Taki los astronoma-obserwatora: kontrolować, czy gwiazdy dobrze pulsują, czy się normalnie wzajemnie zaćmiewają, czy nie dochodzi do patologii pomiędzy nimi, a ich planetami, ot noc jak każda inna. Ostatnie dwie noce poświęciłem badaniom okresowym układu kontaktowego, czyli takiego układu dwóch gwiazd, w którym obydwa składniki pozostają w fizycznym kontakcie (oczywiście). Całkiem prawdopodobne, że kiedyś w przyszłości obydwie gwiazdy złączą się w jedną gwiazdę, podobnie jak układ KIC 9832227, o którym może słyszeliście całkiem niedawno [[-> link]](http://www.astronomy.com/news/2017/01/2022-red-nova).
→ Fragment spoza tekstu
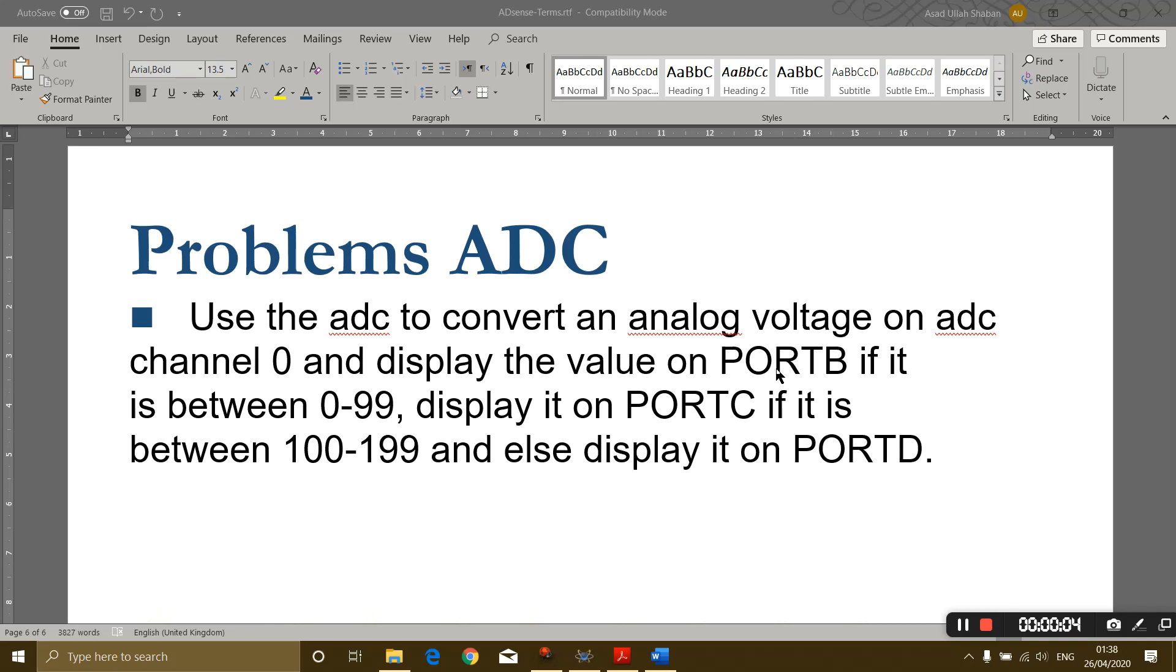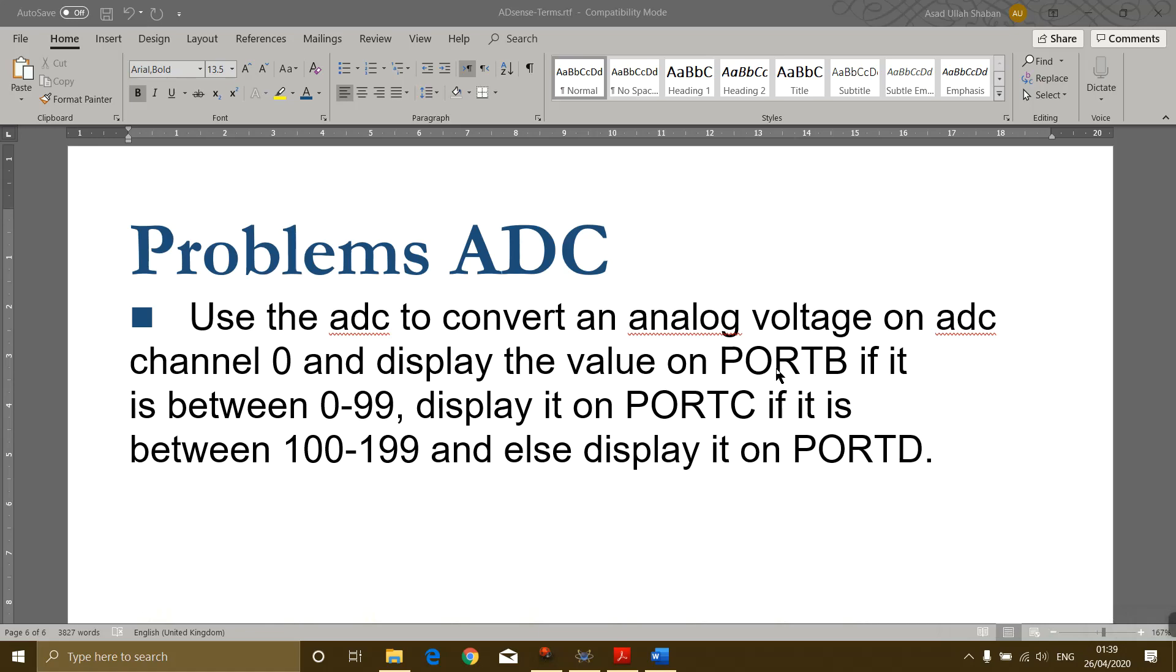Bismillahirrahmanirrahim and assalamu alaikum. Today's task is to use the ADC to convert an analog voltage on ADC channel 0 and display the value on port B if it is between 0 to 99, display it on port C if it is between 100 to 199, and else display it on port D. If the value is greater than 199, it must be displayed on port D. We are doing this task on ATmega16.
Na niebie, nieopodal mojego układu kontaktowego siedzi słaba kropka, która nie wadzi nikomu. Kropka ta okazuje się zmieniać swoją jasność w dość krótkim czasie. Jak się pewnie już domyślacie, ta kropka to JKM 476. Jest to gwiazda pulsująca, najprawdopodobniej z rodziny tak zwanych "Delta Scuti", znanych też jako "cefeidy karłowate". Zanim przyuważyłem że pulsuje, widniała jako zwykła kropka w katalogach gwiazd. Jej nazwa w tych katalogach to, na przykład, USNO-B1.0 1576-0149634. W moim zbiorze gwiazd zmiennych miała przez jakiś czas nazwę KRp073a, dlatego stwierdziłem że można by jej sprezentować imię z prawdziwego zdarzenia. Kiedy dałem Wam tę możliwość, padały propozycje: "Seba", "Benek", "Plusare Majoris", ale ostatecznie wygrała znana wszystkim opcja. Trzeba teraz z tym handlować.
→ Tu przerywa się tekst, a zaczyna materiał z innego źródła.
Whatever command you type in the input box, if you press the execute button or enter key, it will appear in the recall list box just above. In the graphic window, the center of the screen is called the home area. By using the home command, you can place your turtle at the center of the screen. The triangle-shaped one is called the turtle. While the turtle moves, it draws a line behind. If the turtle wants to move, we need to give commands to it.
Jak się okazuje, nasza gwiazda pulsuje z różną amplitudą w różnych barwach. JKM 476 pulsuje bardziej na niebiesko, niż na czerwono. Zrobiłem taki [[wykres]](http://www.oa.uj.edu.pl/B.Debski/temp/kr073a.faz.png), na który naniosłem zmienność blasku tej gwiazdy w czasie, w różnych filtrach. Wykresy w różnych filtrach zostały poprzesuwane w pionie tak, żeby minima blasku były na tej samej wysokości. JKM 476 jest zupełnie przeciętną gwiazdą, której jasność jest wystarczająca do bycia zaobserwowaną przez teleskopy o klasie od 30cm średnicy wzwyż. Może się jednak zdarzyć, że obserwując w czerwieni, JKM 476 ledwie osiągnie próg widoczności. Może być też tak, że jeśli będzie się obserwowało ze zbyt krótkim czasem ekspozycji kamery, gwiazda zniknie w szumie tła.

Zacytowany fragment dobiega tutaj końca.